El amor, el mejor «generador» de cualidades

Amor auténtico

Lo apuntaba en un artículo anterior:

Solo un amor auténtico sabe descubrir la verdadera grandeza, las mejores cualidades y las aptitudes y virtualidades más o menos ocultas de cada uno de nuestros hijos.

Y, sin necesidad de excesivas palabras, las pone ante la vista del chico en cuestión como el ideal al que ese hijo ha de aspirar.

El amor auténtico ayuda a crecer a la persona amada,
descubriendo sus cualidades
y ayudándole a dar lo mejor de sí.

Falso amor

Por el contrario, cuando el amor no es lo bastante hondo, cuando está «mezclado» con un desordenado amor propio:

Fácilmente dejamos de percibir lo mejor que hay en nuestros hijos.

Les trasmitimos la impresión de que valen poco. 

Y los empujamos, sin advertirlo, a adecuar su comportamiento a esa imagen “pequeña” y degradada, a “portarse mal”.

Un excesivo y desordenado amor a uno mismo
impide ver lo mejor de quienes nos rodean
e incluso advierte en ellos defectos que no tienen.

fomentar cualidades

Animar y recompensar para desarrollar las cualidades

¡Ni mencionar los defectos!

El niño es tremendamente receptivo, muchísimo más de lo que podemos imaginar.

Si le repetimos con frecuencia que es un maleducado, un egoísta, un holgazán, un desordenado, un «despistado», se creerá y será verdaderamente malcriado, egoísta y vago, y no le preocupará lo más mínimo dejar las cosas fuera de su lugar o seguir olvidándose de cuestiones importantes.

Se advertirá a sí mismo, más o menos confusamente, como un ser cargado de defectos. 

El niño tiende a hacer propia
la imagen que los padres tenemos de él…
y a actuar en consecuencia.

Por la cuenta que nos trae

Además, si insistimos excesivamente en sus defectos y damos la impresión de que solo estamos con él para regañarle y echarle en cara lo que hace de manera inadecuada, continuará actuando mal, sin ser consciente de por qué lo hace, con el único fin de seguir recibiendo la atención que necesita.

Las regañinas se transforman entonces en refuerzo psicológico para aquellos modos de obrar que pretendemos que evite: para sus defectos, no para sus cualidades.

La atención desmesurada a los defectos
contribuye a reforzarlos, en lugar de disminuirlos.

El otro efecto espejo o la eficacia de subrayar las cualidades

Cualidades, defectos y autoestima

En general, es mejor que el chico tenga un poco de excesiva confianza en sí mismo, que demasiado escasa.

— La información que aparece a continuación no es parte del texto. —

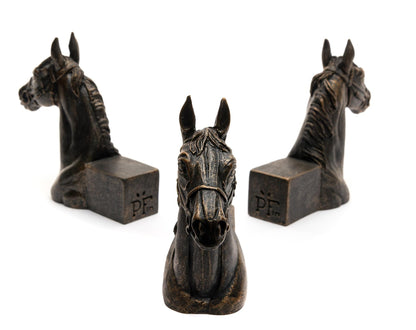 Horse Plant Pot Feet - Set of 3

Lo iremos consiguiendo si logramos hacerle saber y sentir que nuestro amor es del todo incondicional: incondicionado e incondicionable. 

Que, aunque deseamos que dé lo mejor que sí, según las cualidades que cada uno tenga, nunca le retiraremos nuestro afecto si, por falta de fuerzas, de capacidad o de interés, o incluso por mala voluntad, no “está a la altura” esperada o comete una barbaridad.

Por eso, si lo vemos recaer en algún defecto, resultará más eficaz una palabra de ánimo que echárselo en cara y humillarlo.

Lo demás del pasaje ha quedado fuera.